On 9/6/25 21:22, Eduard Zingerman wrote:
> On Fri, 2025-09-05 at 17:45 +0100, Mykyta Yatsenko wrote:
>
> [...]
>
>> A small state machine and refcounting scheme ensures safe reuse and
>> teardown:
>>   STANDBY -> PENDING -> SCHEDULING -> SCHEDULED -> RUNNING -> STANDBY
> Nit: state machine is actually a bit more complex:
>
>    digraph G {
>      scheduling  -> running    [label="callback 1"];
>      scheduled   -> running    [label="callback 2"];
>      running     -> standby    [label="callback 3"];
>      pending     -> scheduling [label="irq 1"];
>      scheduling  -> standby    [label="irq 2"];
>      scheduling  -> scheduled  [label="irq 3"];
>      standby     -> pending    [label="acquire_ctx"];
>    
>      freed      -> freed [label="cancel_and_free"];
>      pending    -> freed [label="cancel_and_free"];
>      running    -> freed [label="cancel_and_free"];
>      scheduled  -> freed [label="cancel_and_free"];
>      scheduling -> freed [label="cancel_and_free"];
>      standby    -> freed [label="cancel_and_free"];
>    }
>
> [...]
>
I'll update the description to contain proper graph.
>> Flow of successful task work scheduling
>>   1) bpf_task_work_schedule_* is called from BPF code.
>>   2) Transition state from STANDBY to PENDING, marks context is owned by
>>   this task work scheduler
>>   3) irq_work_queue() schedules bpf_task_work_irq().
>>   4) Transition state from PENDING to SCHEDULING.
>>   4) bpf_task_work_irq() attempts task_work_add(). If successful, state
>>   transitions to SCHEDULED.
> Nit: "4" repeated two times.
>
>>   5) Task work calls bpf_task_work_callback(), which transition state to
>>   RUNNING.
>>   6) BPF callback is executed
>>   7) Context is cleaned up, refcounts released, context state set back to
>>   STANDBY.
>>
>> Signed-off-by: Mykyta Yatsenko <yatsenko@meta.com>
>> ---
>>   kernel/bpf/helpers.c | 319 ++++++++++++++++++++++++++++++++++++++++++-
>>   1 file changed, 317 insertions(+), 2 deletions(-)
>>
>> diff --git a/kernel/bpf/helpers.c b/kernel/bpf/helpers.c
>> index 109cb249e88c..418a0a211699 100644
>> --- a/kernel/bpf/helpers.c
>> +++ b/kernel/bpf/helpers.c
> [...]
>
>> +static void bpf_task_work_cancel(struct bpf_task_work_ctx *ctx)
>> +{
>> +	/*
>> +	 * Scheduled task_work callback holds ctx ref, so if we successfully
>> +	 * cancelled, we put that ref on callback's behalf. If we couldn't
>> +	 * cancel, callback is inevitably run or has already completed
>> +	 * running, and it would have taken care of its ctx ref itself.
>> +	 */
>> +	if (task_work_cancel_match(ctx->task, task_work_match, ctx))

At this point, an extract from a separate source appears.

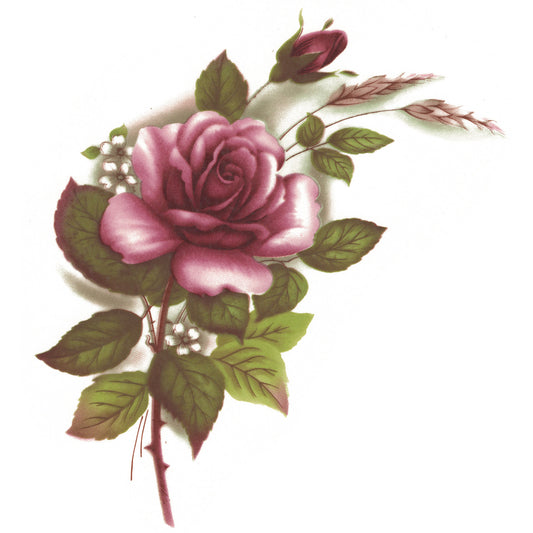 Mauve Purple Rose Flowers Overglaze Waterslide Ceramic Decals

> Will `task_work_cancel(ctx->task, ctx->work)` do the same thing here?
I think so, yes, thanks for checking.
>
>> +		bpf_task_work_ctx_put(ctx);
>> +}
> [...]
>
>> +static void bpf_task_work_irq(struct irq_work *irq_work)
>> +{
>> +	struct bpf_task_work_ctx *ctx = container_of(irq_work, struct bpf_task_work_ctx, irq_work);
>> +	enum bpf_task_work_state state;
>> +	int err;
>> +
>> +	guard(rcu_tasks_trace)();
>> +
>> +	if (cmpxchg(&ctx->state, BPF_TW_PENDING, BPF_TW_SCHEDULING) != BPF_TW_PENDING) {
>> +		bpf_task_work_ctx_put(ctx);
>> +		return;
>> +	}
> Why are separate PENDING and SCHEDULING states needed?
> Both indicate that the task had not been yet but is ready to be
> submitted to task_work_add(). So, on a first glance it seems that
> merging the two won't change the behaviour, what do I miss?
Yes, this is right, we may drop SCHEDULING state, it does not change any 
behavior compared to PENDING.
The state check before task_work_add is needed anyway, so we won't 
remove much code here.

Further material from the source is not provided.